The construction of the fourth USS Alabama (BB-60; 35.000 tons displacement) began in 1940. The South Dakota-class battleship joined the fleet in 1942. USS Alabama was a sophisticated, heavily armed, fast battleship. For most of the war, she served as an escort for various fast aircraft carriers using her array of anti-aircraft guns, not her main firepower 16-inch guns, against attacking Japanese planes. The ship participated in attacks on Japanese islands and was involved in the eventual liberation of the Philippines, as well as several important fleet actions throughout 1944 in the islands campaign. Along with other ships, she used her main armament to bombard Saipan. Then, the ship resumed her role defending the carriers, which were fighting off large numbers of kamikaze attacks. These suicide attacks were very damaging to many ships in the American fleet, including her sister ship USS South Dakota, but Alabama sustained no losses. She never lost a man in combat during World War II, earning the nickname “Lucky A.” At the end of the war, Alabama along with other fast battleships, bombarded targets in the home islands near Tokyo. Action was suspended when Japan surrendered, and USS Alabama returned to San Francisco in late 1945. She was eventually decommissioned and put in mothballs in 1947 in Bremerton, Wash., where she remained until 1964, when Mobilians Jimmy Morris, Stephens Croom and Henri Aldridge spearheaded the effort to save her from a trip to the scrapyard. Gifts of money from across the state, especially from schoolchildren, contributed toward preserving the ship and moving it to its present location at Battleship Memorial Park. In exchange for their donations, children were given lifetime passes to visit the ship. A few are still in existence.

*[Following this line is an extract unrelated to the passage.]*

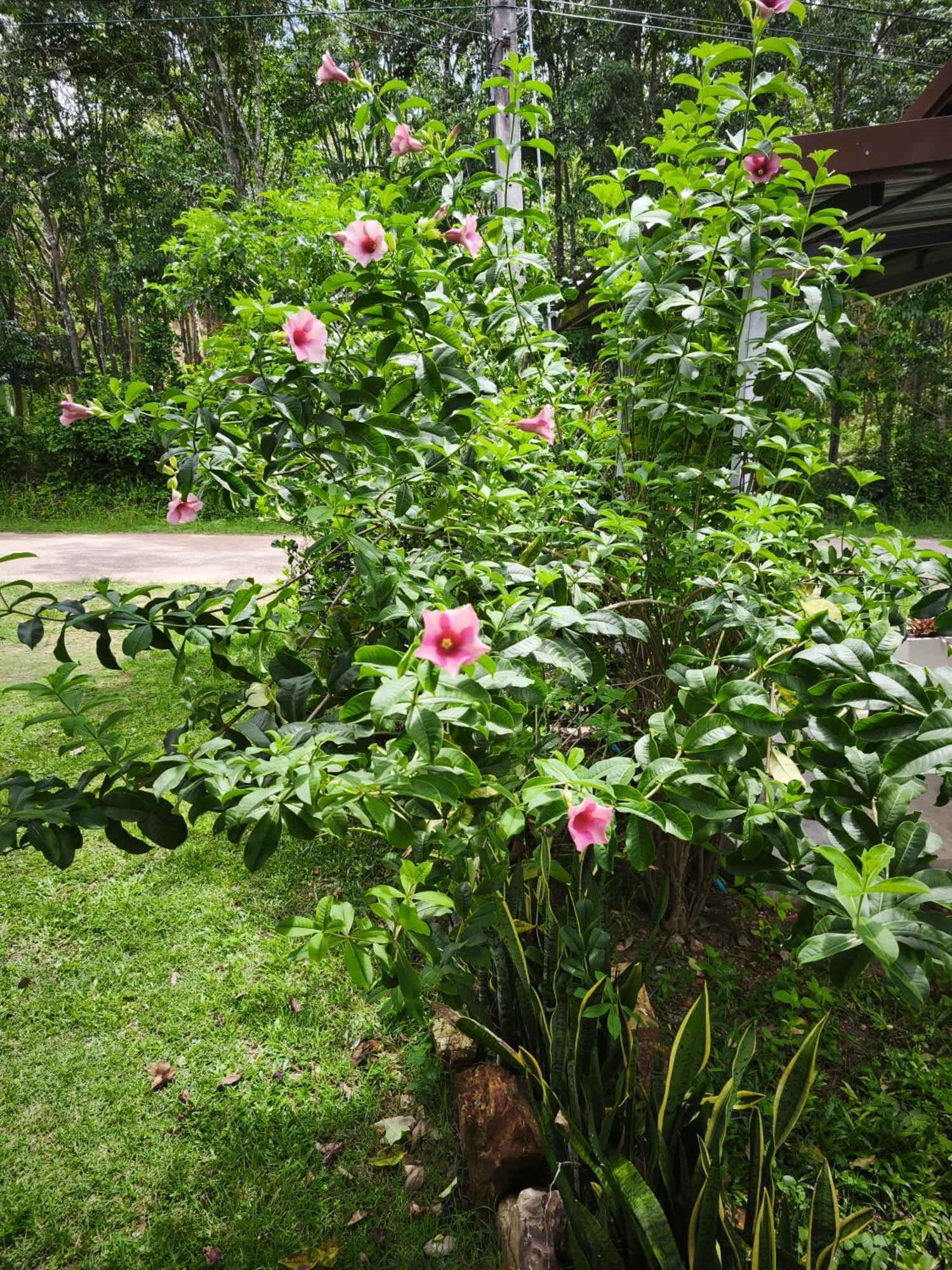 The Secret Garden Homestay Koh Yao Yai Ko Yao Yai Luaran gambar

Taking a tour of Battleship Park has become a tradition for Mobilians and
the city's visitors alike. Photo by Sharon Whelton.

The Current Ship

The most recent USS Alabama (SSBN-731) is a nuclear-powered fleet ballistic missile submarine. Her keel was laid in 1980 at Groton, Conn., and she was commissioned in 1985. She is an Ohio-class ship, displacing 18, 750 tons when submerged. By comparison, USS Drum, now on display at Battleship Park, displaced just more than 2, 000 tons when submerged. The current USS Alabama has been in continuous service since joining the fleet in 1985. After extensive training and shakedown cruises, she visited Mobile in February 1986 for Mardi Gras. Assigned to Bangor, Wash., she had made 47 patrols when she was extensively refit in 1999 to carry the fleet’s latest missiles. She now carries 24 Trident II D5 nuclear missiles, each with multiple, independently targeted warheads, and a complement of torpedoes. This USS Alabama continues to be homeported in Bangor, Wash.